The thesis identifies the static response of pollen tube to chemical stimulation which was used to determine the role of a few of the growth regulators such as sucrose and calcium ions as they regulate tube turgor pressure and cell wall mechanical properties of pollen tube. New experimental platforms were fabricated to treat locally the pollen tube at the tip in order to characterize its static response to local treatment in reorienting the growth direction. The device is also used to locally stimulate the cylindrical region of pollen tube. Using these LOC devices we attempted to answer some questions regarding the role of regulators in pollen tube growth.
The thesis explores in detail the dynamic growth of pollen tube in normal condition and also under chemical stimulation. Waveform analysis is employed in order to extract primary and secondary oscillation frequencies of pollen tube as significant indicators of dynamic growth of pollen tube. The dynamic response of pollen tubes is implemented as a whole-plant cell sensor for toxicity detection in order to detect toxic materials in concentration-based manner. Aluminum ions were tested as the toxic substance. The degree of toxicity was defined by measuring the reduction in growth rate as well as peak oscillation frequencies in the case of static and dynamic response of pollen tube, respectively.

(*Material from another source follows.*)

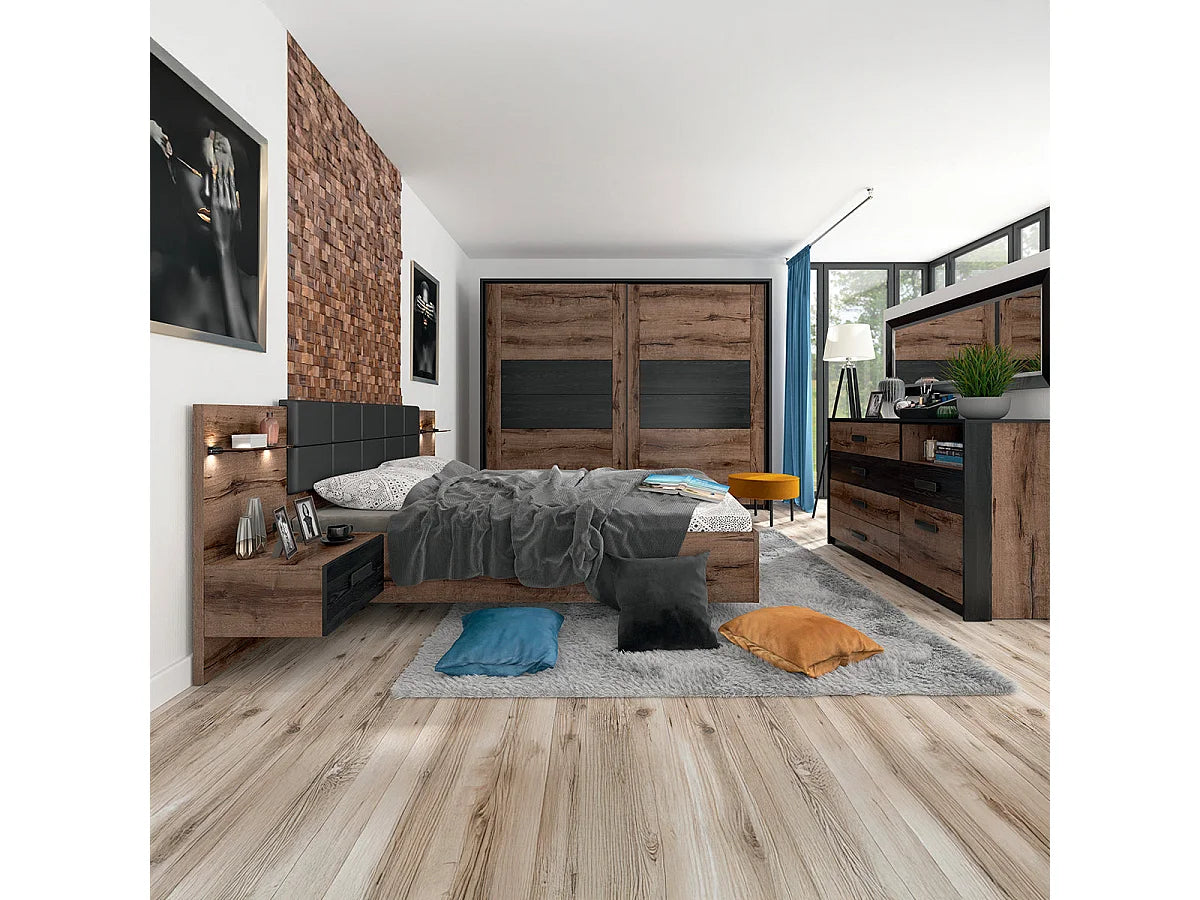 Lit Coffre 160x200 Bois Naturel clair avec Chevets, LED et Port USB — vue 4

The thesis addresses the quantification of mechanical properties of pollen tube cell wall using the Bending LOC (BLOC) platform. The flexural rigidity of the pollen tube and the Young’s modulus of the cell wall are estimated through finite element modeling of the observed fluid-structure interaction.

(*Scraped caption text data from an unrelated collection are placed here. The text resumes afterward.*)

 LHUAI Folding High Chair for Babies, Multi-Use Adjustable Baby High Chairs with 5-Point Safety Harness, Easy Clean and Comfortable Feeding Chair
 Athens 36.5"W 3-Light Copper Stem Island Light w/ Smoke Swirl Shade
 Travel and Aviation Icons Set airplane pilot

The thesis also explores the feasibility of studying the pollen tube response to the mechanical stimulation. The microfluidic device also enables integrating mechanical force obstructing pollen tube growth in order to characterize the interaction of pollen tube and mechanical structures which are similar to the in-vivo interaction between a pollen tube and the growth matrix during the course of growth toward the ovule. The behavior of the pollen tube while passing through microgap was also explored in detail. The deflection of microgap under growth force and the changes in diameter of the pollen tube under reaction force from microgap were evaluated. This part explores the role of mechanical forces in bursting the pollen tube tip which could explain the contribution of mechanical signal in the bursting of tube near the vicinity of the ovule. In addition, the configuration of microgap enabled the estimation of the maximum invasive force exerted by pollen tube.
Thus, the proposed microfluidic platform is highly suitable for cellular analysis, pollen tube biology and detection of toxicity.